My task is to analyse the world’s most popular video sharing site. I had to create statistics in general, based on video categories and based on the year the videos were uploaded in.
Solving my task required new knowledge. The first one being getting to know YouTube API (Application Programming Interface). This program makes it possible to request information and statistics from YouTube. I created two requests. One being a request for information about the videos themselves. While the other being a request from playlist for video IDs, which I use in the first request.
For these request the browser replies with a JSON code. To process this output I wrote a Python program. This program fills in a database beside decoding the reply. SQLite is responsible for the connection between the program and the database.
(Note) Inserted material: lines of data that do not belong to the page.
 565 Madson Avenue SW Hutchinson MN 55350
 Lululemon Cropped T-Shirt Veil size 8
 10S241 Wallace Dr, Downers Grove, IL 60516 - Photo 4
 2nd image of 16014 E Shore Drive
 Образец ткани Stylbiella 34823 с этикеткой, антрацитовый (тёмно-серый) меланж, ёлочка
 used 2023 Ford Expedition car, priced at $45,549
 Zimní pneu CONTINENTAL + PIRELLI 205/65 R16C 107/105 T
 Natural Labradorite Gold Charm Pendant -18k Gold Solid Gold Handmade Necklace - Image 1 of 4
Which is later also responsible for an other connection, the connection between the database and MatLab.
For creating my graphs and diagrams I chose MatLab. I wrote a script which makes all of the needed plots, and counts some important data for my analysis.
While creating these diagrams I analysed them and wrote the documentation. Firstly, I analysed the database as a whole, and created some graphs to depict them. These are mainly distribution functions.
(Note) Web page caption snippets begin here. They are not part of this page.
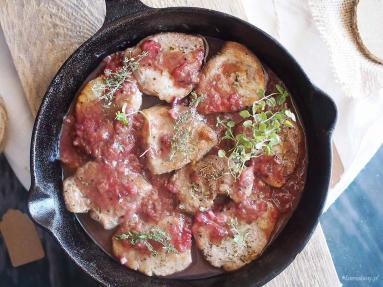 Zdjęcie - Polędwiczka wieprzowa w sosie rabarbarowym / Pork loin with rhubarb sauce - Przepisy kulinarne ze zdjęciami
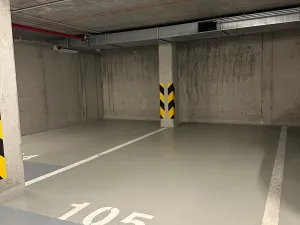 Pronájem garážového stání, Praha - Karlín, Thámova, 12 m2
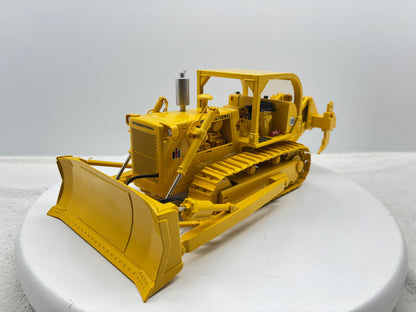 1/25 International TD-25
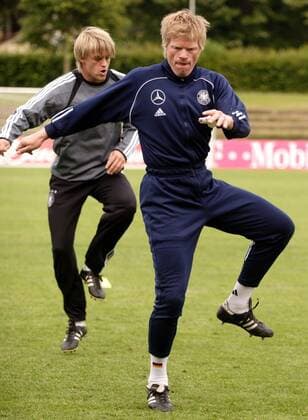 Lets twist again - Torwart Oliver Kahn (Deutschland) bei Dehnungsübungen Fußball Herren Nationalmannschaft 2005, Nationalteam, Training, Vorbereitung, Deutschland Einzelbild Frankfurt M.
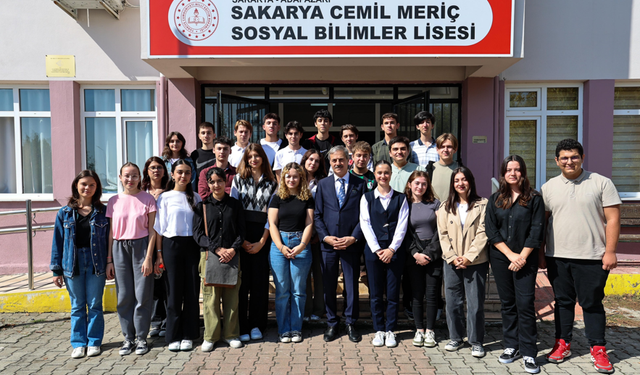 Cemil Meriç Sosyal Bilimler Lisesi Öğrencileriyle Buluştu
After the general analysis, I separated the „music” category videos from the rest, and compared them to the others. Then I divided my data based on their categories. I described all the possible video categories used by YouTube.
As my main task I studied the length of the videos based on their categories. I created many different graphs to represent the properties of these categories.
As a final step, I divided the videos by the year they were uploaded in, and checked their video length compared to each other and presented them on similar diagrams.